WORK INSTRUCTION → Please copy all of the data that follows exactly, leaving any pictures out.
--
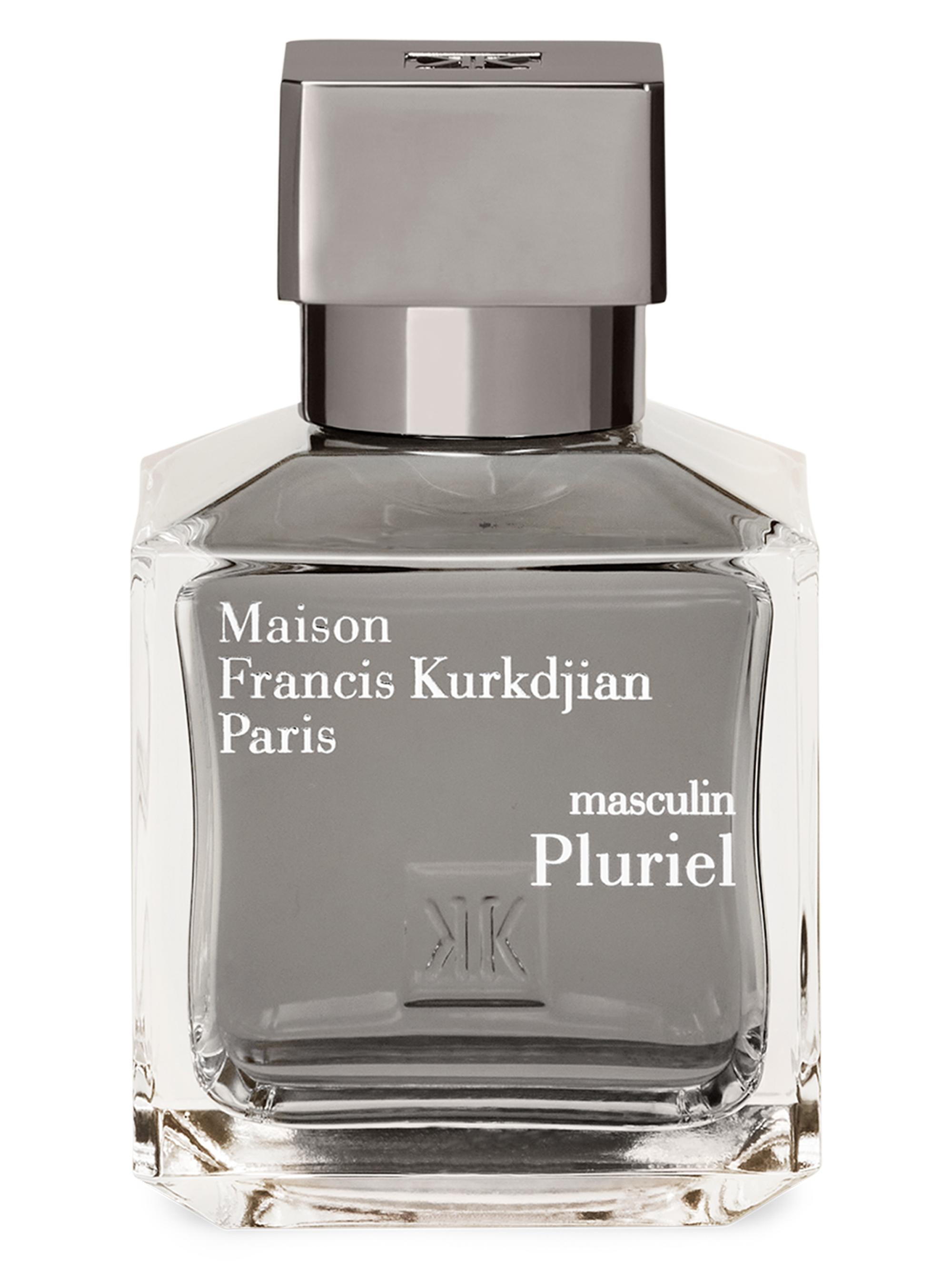 masculin Pluriel Eau de toilette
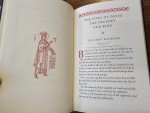 Pocket Edition Orthodox Psalter by Holy Transfiguration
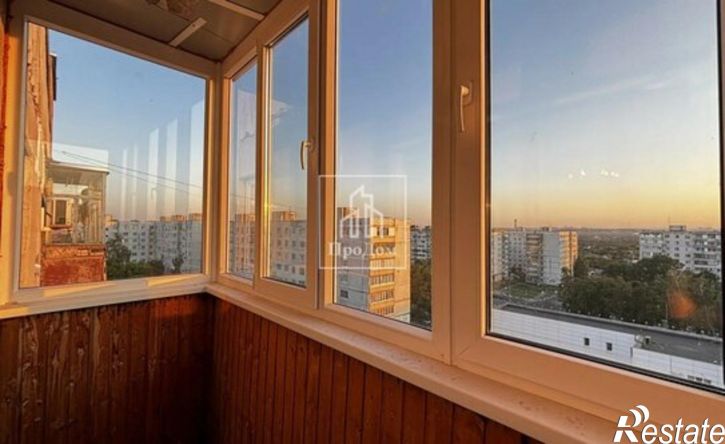 3-комн квартира мкр Жукова, 47,  д. 47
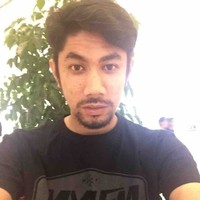 Mior Alif Zafri
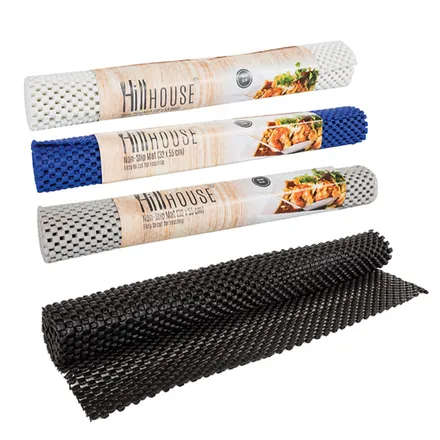 Non Slip Table Mat 32 X 55cm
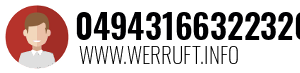 04943166322320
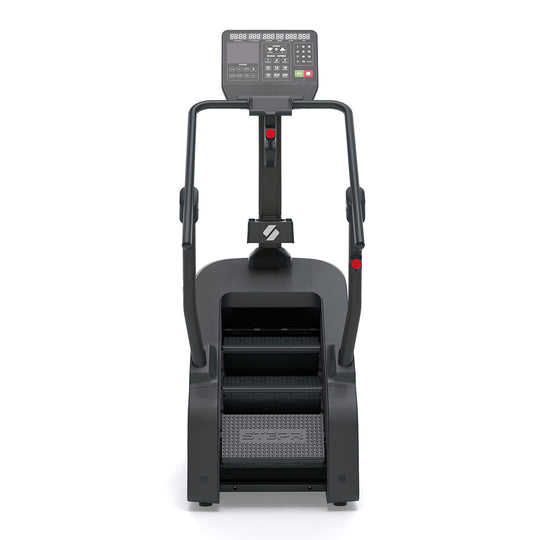 STEPR Climbers & Steppers GO Stair Climber
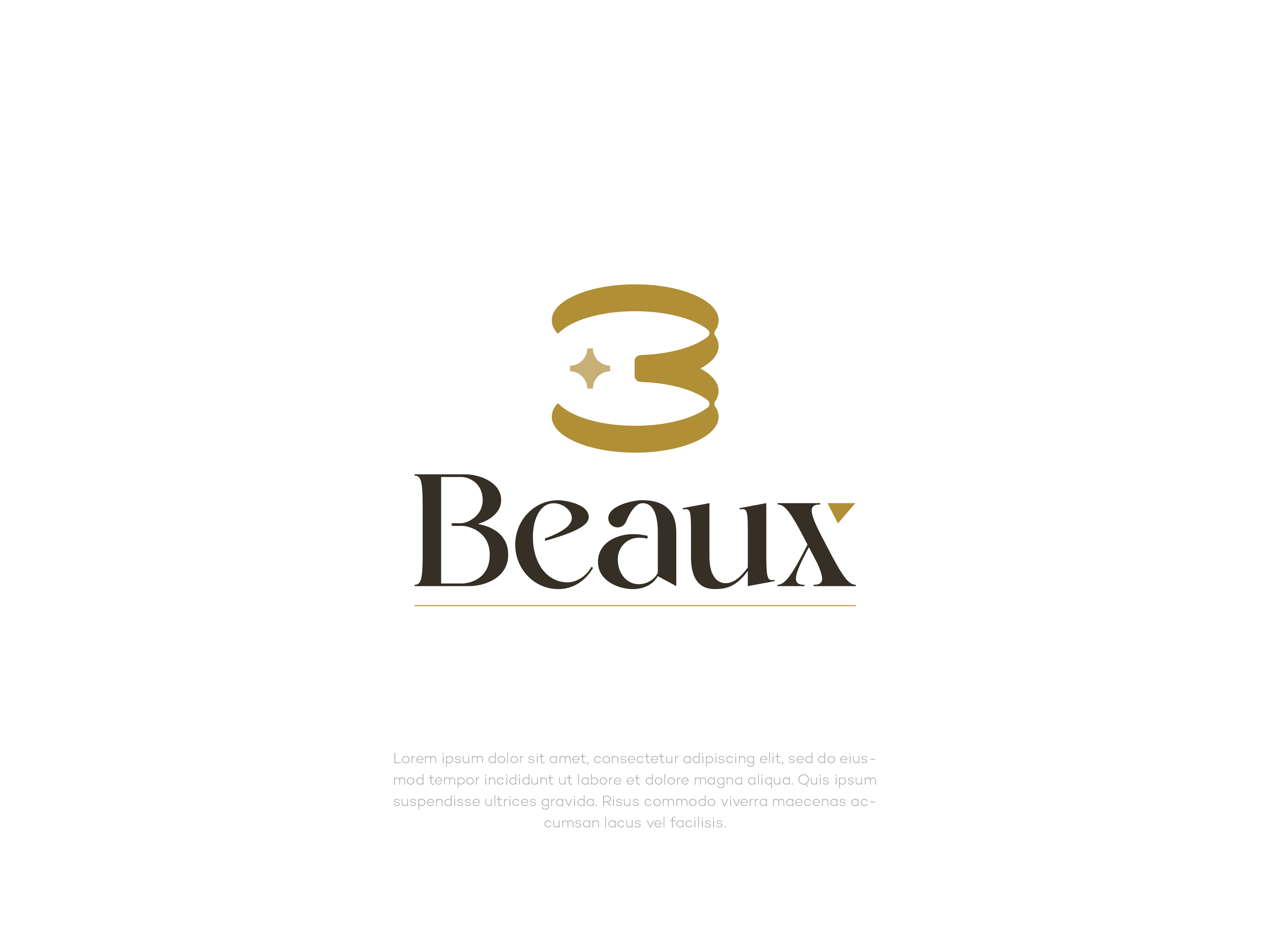 Logo Design by vramar.roy for this project | Design #31988753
--
EXPECTED OUTPUT →
 masculin Pluriel Eau de toilette
 Pocket Edition Orthodox Psalter by Holy Transfiguration
 3-комн квартира мкр Жукова, 47,  д. 47
 Mior Alif Zafri
 Non Slip Table Mat 32 X 55cm
 04943166322320
 STEPR Climbers & Steppers GO Stair Climber
 Logo Design by vramar.roy for this project | Design #31988753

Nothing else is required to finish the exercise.